The labs have been like a magnet for scientists, who were attracted to Boulder and quickly discovered that they couldn’t leave. As this army of Ph.Ds piled higher and deeper over the decades, new research institutes and non-profit organizations were established to absorb them. The Joint Institute for Laboratory Astrophysics ( JILA) was formed in 1962 by NIST and CU. The National Snow and Ice Data Center (NSIDC) came to town in 1976 and began operating with support from NOAA and CU in 1982. Grant-funded researchers at CU created the Center for Astrophysics and Space Astronomy (CASA) in 1985, while several non-profit organizations sprouted up in the 1990s around similar concepts: Space Science Institute (SSI) in 1992, a division of Southwest Research Institute (SWRI) in 1994, and a branch of Northwest Research Associates (NWRA) in 1998. Boulder now boasts the largest number of PhDs per capita of any city in the nation, at 8.2 percent in 2012.

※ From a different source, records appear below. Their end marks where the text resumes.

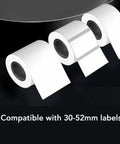 Cool Retro Label Printer With Bluetooth 5.0 Connectivity And Compact Design Perfect For Home Office Organization Tasks Features Inkless Thermal Printing Technology Compatible With A Range Of Paper Widths From Thirty Two Millimeters To Fifty Two showcasing rolls of white label paper compatible with 30-52mm sizes.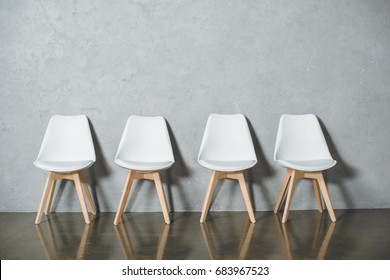 White Empty Chairs For Job Interview Standing In Line In Hall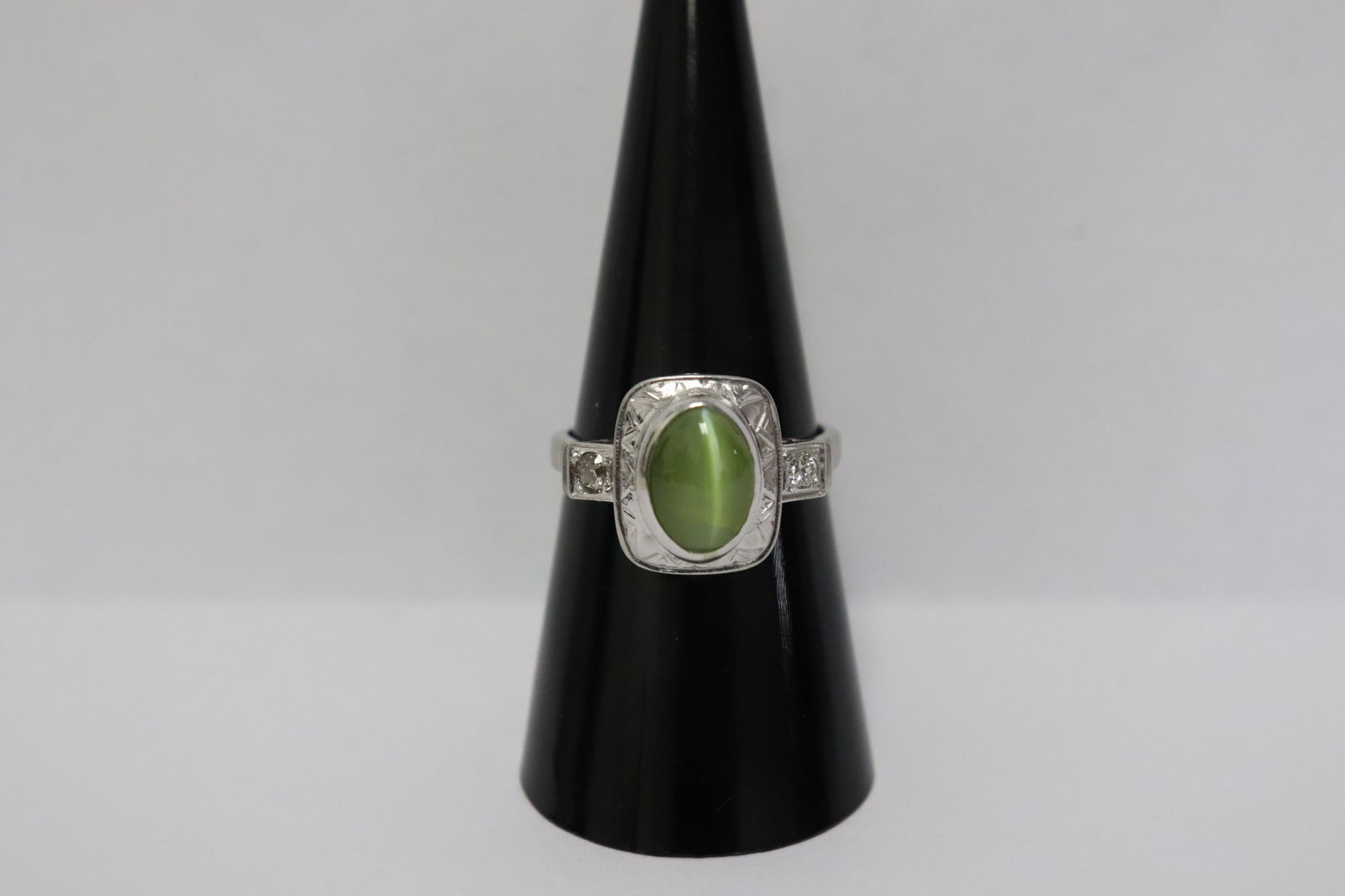 A platinum cat eye stone diamond ring w/ GIA certificate: A platinum ring, center a brilliant natural cat eye stone (貓眼石) wt approx. 2.25ct (by formula), accented with 2 side diamonds, wt. 5.4gm, size 7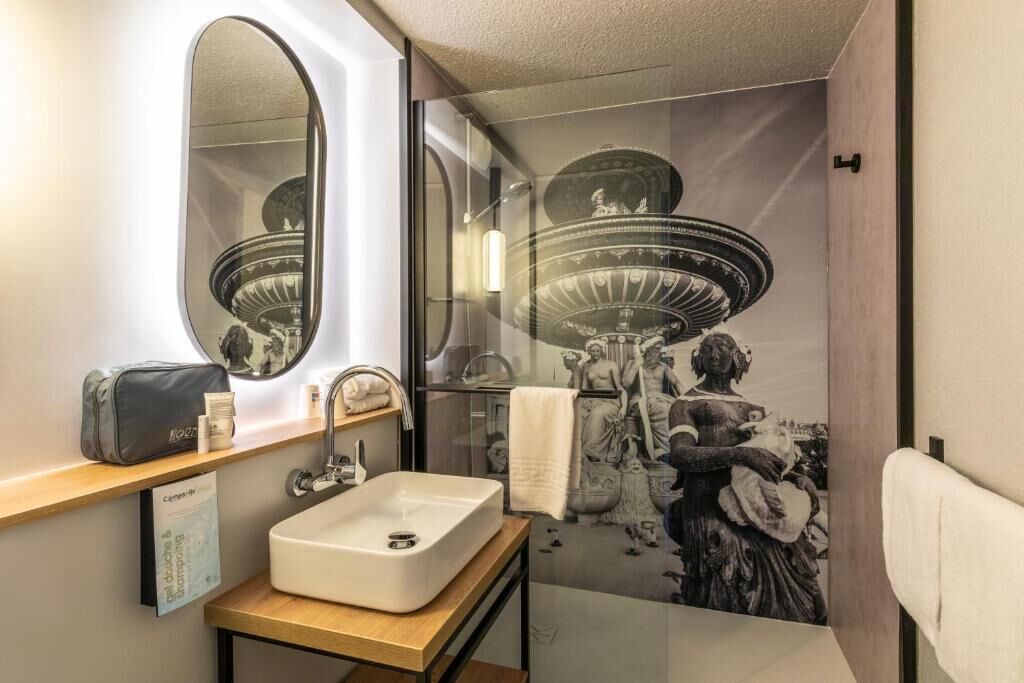 Een badkamer met een grote spiegel, een wastafel, een handdoekhouder en een douche met een glazen deur.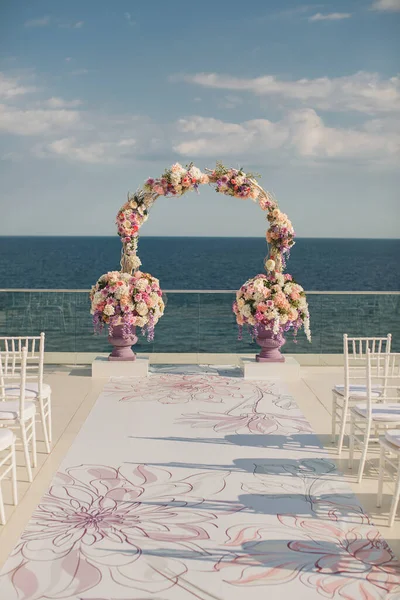 Bruiloft boog met verse bloemen op een zee-achtergrond. Vazen met verse bloemen — Stockfoto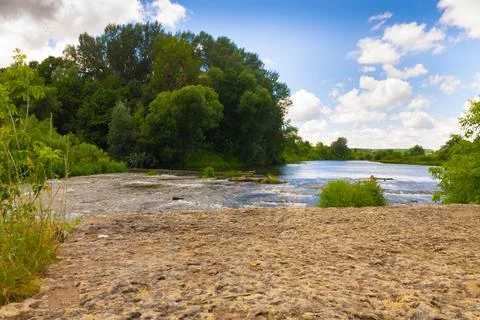 Winding river in a summer forest in cloudy weather with rain clouds. Landscap Stock Photos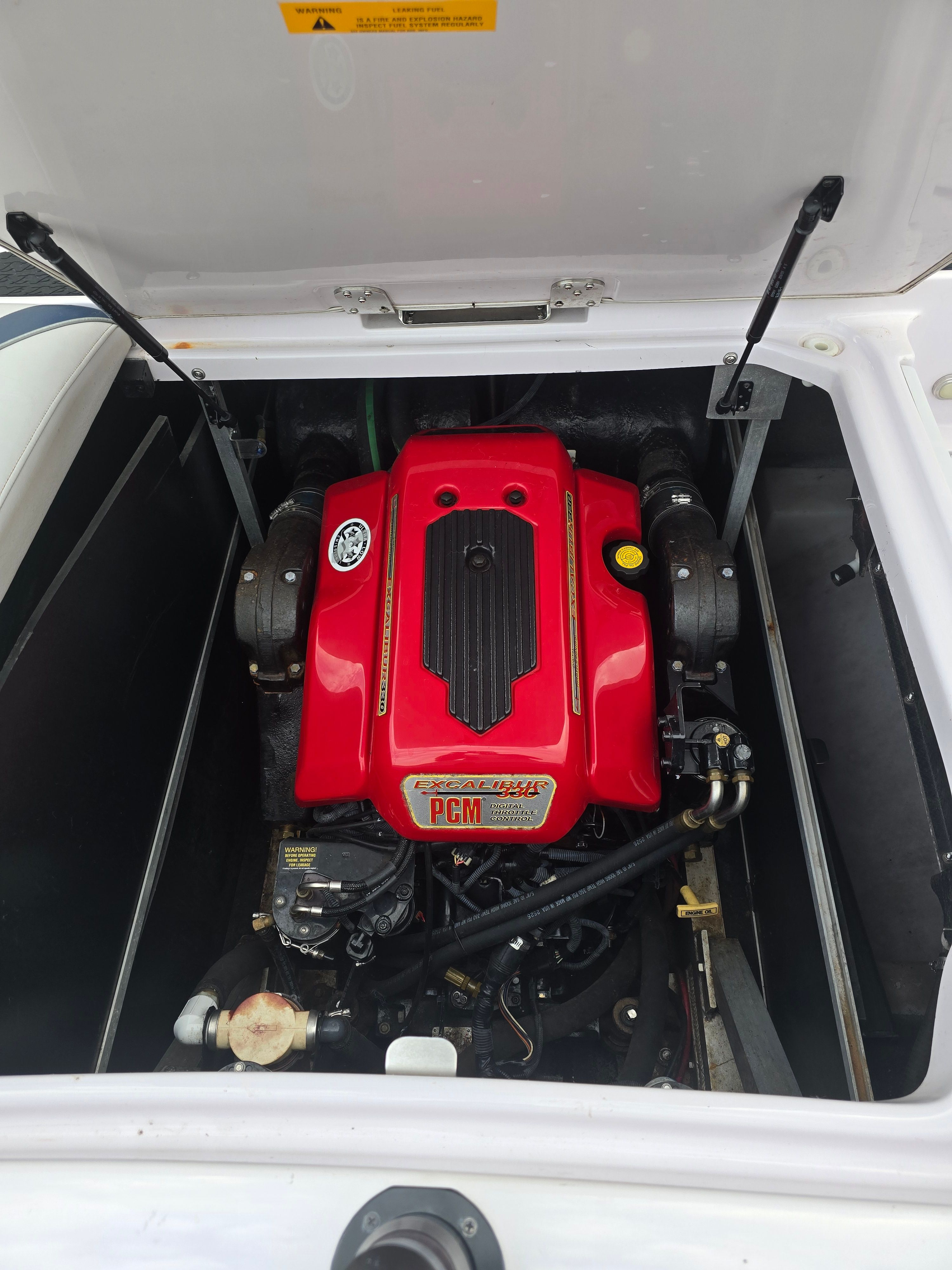 Engine compartment of a 2006 Correct Craft 228 boat with red PCM engine.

I am one of the many scientists who came to Boulder and decided to stay. I arrived in 2004 to work at NCAR with a fellowship from the National Science Foundation. I was hired as a staff scientist two years later, and I spent the next six years working to understand the structure and dynamics of the sun using observations of other nearby stars. In 2012, when the full impact of the Great Recession finally hit the government, I lost my dream job to federal budget cuts. As local scientists have been doing for decades, I stayed in town and supported my research by writing grant proposals — in my case primarily to NASA. In the past few years, I have been using the Kepler space telescope to study planetary systems around other stars.

After several years of writing grant proposals to make a living, I finally realized what I missed most about my dream job at NCAR. One of my responsibilities as a staff scientist at a federally-funded laboratory was to share my enthusiasm for science with the general public. I took this obligation seriously, writing a monthly column on to explain the latest scientific discoveries in the simplest terms, and to provide more context and background than is typically offered in the news. Over the next year I hope to do something similar for the monthly articles in the Lab Notes series, with a special focus on the cutting-edge research that is being done right here in Boulder.

Science journalism is on the decline across the media landscape, and even where it persists the reporters have very little background in science. Some of the labs around town have offices to issue press releases and to connect their scientists to journalists. For the government labs these offices are sometimes headquartered in Washington D.C., while the smaller local research institutes may not have the resources to support media outreach. Only the largest news organizations have staff assigned specifically to cover science, so even these limited efforts tend to be directed at national outlets. Local connections can be lost in the shuffle. Even in the best cases, many scientists have a hard time articulating their research at a level that the public can appreciate, and journalists have difficulty translating complex results into simple language. Boulder is home to a wealth of scientific expertise, and it would be a shame not to make it more accessible to everyone in our community.